Actually, I’m not aware of any Imam saying yes to this. The question is as follows: if the husband files for divorce, I’m going to go a bit back. If the husband files for divorce, in Islamic law, the writing of divorce is the same as verbalizing divorce.

So if the husband files for divorce and signs that he’s divorcing his wife, we don’t care if it’s a civil court or an Islamic judge, or if he writes to the wife or a friend. It doesn’t matter. He has written, “I’m divorcing my wife.” It’s not that it’s a civil court or not. When you write, “The wife is divorced,” or “I’m petitioning for divorce,” or “This is a divorce,” when you write this, this is the divorce. That’s the same as the verbal. So the husband writing that he’s divorcing the wife to the civil court is a divorce.

The flip side, when the wife files for divorce, we have to be very specific here. She is filing for the civil divorce, and the civil divorce, that is the business of the state and the country. There’s another aspect which is the marriage contract.

That marriage contract will not, in and of itself, be nullified if the wife files for a civil divorce. Rather, she must do one other step, with multiple options.

Number one, she gets the husband to agree, and the husband then agrees and signs “no contest,” “I accept she’s also divorcing,” and they can then agree this is a Khul`, which is when the wife files for divorce in an Islamic court. Because if the wife asks for divorce in an Islamic court and the judge agrees, this is called Khul`.

So if the husband agrees “no contest” or whatever, this could be acceptable and in that case, it will then be a Khul`.

But what if the husband doesn’t agree? This is where the Fiqh Councils have basically said that she should go to an arbitration council of senior scholars of the community, or at least one neutral, respected scholar, so that the scholar can look into the case.

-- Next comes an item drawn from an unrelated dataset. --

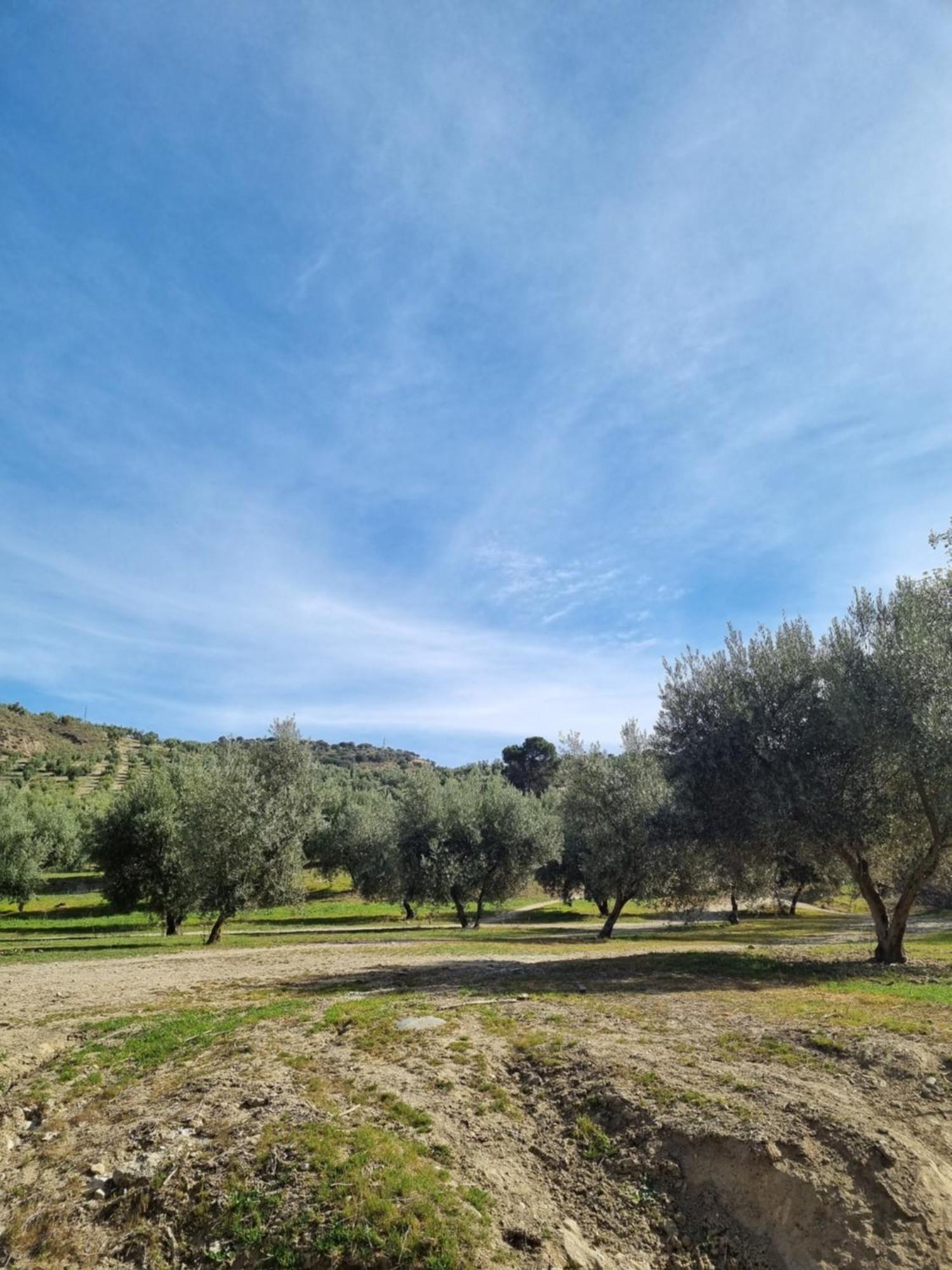 La Colina Ladyblue Apto Acogedor Cerca De Sierra Nevada Y Alhambra Lejlighed Cenes De La Vega Eksteriør billede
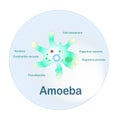 Amoeba scheme for school education stock Royalty Free Stock Photo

What is going on?

If the husband has abandoned her, if the husband is not paying anything, if the husband is abusive, and the scholar, the arbitration committee, tries to contact him, or the husband is not interested in this and it’s clear that he’s being unjust, then the arbitration committee or the Imam can say, “Okay, this is a violent husband, and so you deserve Khul`.”

So she will do the civil divorce, and the arbitration committee of the Sheikh will say this is a legitimate Khul` because we have spoken to your husband and it’s clear that he is abandoning you or he’s not treating you rightly or whatever.

In the end, you have to understand one thing. In an ideal Islamic land, suppose everything was 100%, we had the Shari`ah around us, the wife is not a prisoner. If she really wanted to get out of the marriage, after some hurdles, any Islamic court would say she’s not a prisoner. If she kept on saying, just like in the case in the Prophet’s time, Khawlah came to the Prophet and said, “Ya Rasulullah, I don’t have any specific complaints about my husband, I just don’t want to remain married to him.” She literally said, “I don’t have a specific complaint, this is just not working out.” He didn’t even ask her a second question. He said, “Will you give him his Mahr back? Because you are filing, and you’re telling me he’s not doing anything wrong, it’s not his fault. You are telling me he did nothing wrong and you’re simply saying it’s not working out. Are you going to return the Mahr? He gave you an entire garden, a piece of land. Are you going to return it to him?” She said, “Yes, I’ll return it to him.” He, right then and there, gave the Khul`.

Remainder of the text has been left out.